I'm not saying we're in some sort of epistemological nightmare, where no one has any idea what's true and what's not, just that objectivity is more a goal to aim towards rather than something we can generally expect to achieve.
So what does any of this amateur philosophizing have to do with neural networks?
Computers have long been associated with objectivity. The stramwan idea that "it came from a computer" is the same as "it's objectively true" probably never really had any great support, but a different form, I think, has quite a bit of currency, even to the point of becoming an implicit assumption. Namely, that computers evaluate objectively.
"Garbage in, garbage out," goes the old saying, meaning a computed result is only as good as the input it's given. If you say the high temperature in Buenos Aires was 150 degrees Celsius yesterday and -190 Celsius today, a computer can duly tell you the average high was -20 Celsius and the overall high was 150 Celsius, but that doesn't mean that Buenos Aires has been having, shall we say, unusual weather lately. It just means that you gave garbage data to a perfectly good program.
The implication is that if you give a program good data, it will give you a good result. That's certainly true for something simple, like calculating averages and extremes. It's less certain when you have some sort of complicated, non-linear model with a bunch of inputs, some of which affect the output more than others. This is why modeling weather takes a lot of work. There are potential issues with the math behind the model (does it converge under reasonable conditions?), the realization of that model on a computer (are we properly accounting for rounding error?) the particular settings of the parameters (how well does it predict weather that we already know happened?). There are plenty of other factors. This is just scratching the surface.
A neural network is exactly a complicated, non-linear model with a bunch of inputs, but without the special attention paid to the particulars. There is some general assurance that the tensor calculations that relate the input to the output are implemented accurately, but the real validation comes from treating the whole thing as a black box and seeing what outputs it produces from test inputs. There are well-established techniques for ensuring this is done carefully, for example using different datasets for training the network and for testing how well the network really performs, but at the end of the day the network is only as good as the data it was given.
This is similar to "Garbage in, Garbage out," but with a slightly different wrinkle. A neural net trained on perfectly accurate data and given perfectly accurate input can still produce bad results, if the context of the training data is too different from that of the input it was asked to evaluate.

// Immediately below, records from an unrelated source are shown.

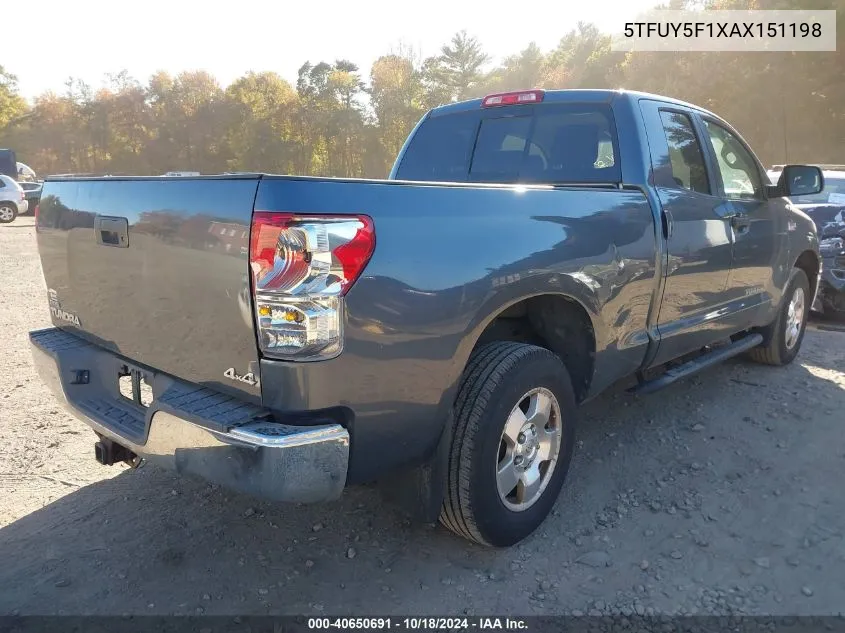 2010 Toyota Tundra Grade 5.7L V8 VIN: 5TFUY5F1XAX151198 Lot: 40650691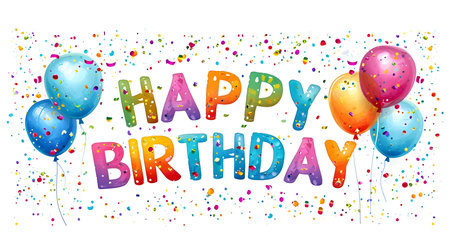 Colorful 'Happy Birthday' Typography on a white background with balloons and confetti. Template for a birthday cardの素材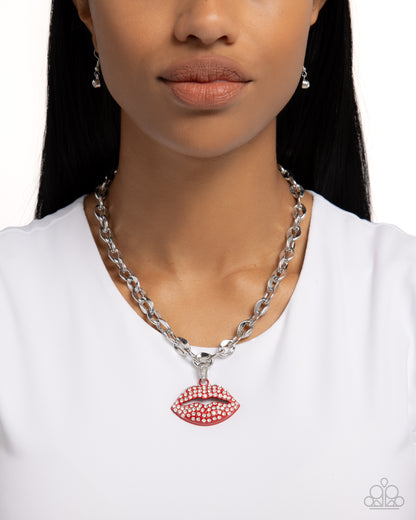 Keepsake Kisser - Red Lips Silver Necklace - Paparazzi Accessories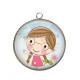 Pendentif Cabochon Argent - petite fille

If I'm developing a neural network for assessing home values, and I train and test it on real estate in the San Francisco Bay area, it's not necessarily going to do well evaluating prices in Toronto or Albuquerque. It might, because it might do a good job of taking values of surrounding properties into account and adjusting for some areas being more expensive than others, but there's no guarantee. Even if there is some sort of adjustment going on, it might be thrown off by any number of factors, whether housing density, the local range of variation among homes or whatever else.

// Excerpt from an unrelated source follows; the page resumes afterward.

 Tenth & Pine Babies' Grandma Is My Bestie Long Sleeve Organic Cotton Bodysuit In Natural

The network, in effect, has a point of view based on what we might as well call its experience. This is a very human, subjective way to put it, but I think it's entirely appropriate here. Neural networks are specifically aimed at simulating the way actual brains work, and one feature of actual brains is that their point of view depends to a significant degree on the experience they've had. To the extent that neural networks successfully mimic this, their evaluations are, in a meaningful way, subjective.
There have been some widely-reported examples of neural networks making egregiously bad evaluations, and this is more or less why. It's not (to my knowledge) typically because the developers are acting in bad faith, but because they failed to assemble a suitably broad set of data for training and testing. This gave the net, in effect, a biased point of view.
This same sort of mistake can and does occur in ordinary research with no neural networks involved. A favorite example of mine is drawing conclusions about exoplanets based on the ones we've detected so far. These skew heavily toward large, fast-moving planets, because for various reasons those are much easier to detect. A neural network trained on currently known exoplanets would have the same skew built in (unless the developers were very careful, and quite likely even then), but you don't need a neural network to fall prey to this sort of sampling bias. From my limited sample, authors of papers at least try to take it into account, authors of magazine articles less so and headline writers hardly at all.
(attributed to) Harry Truman: "There are lies, damned lies, and statistics.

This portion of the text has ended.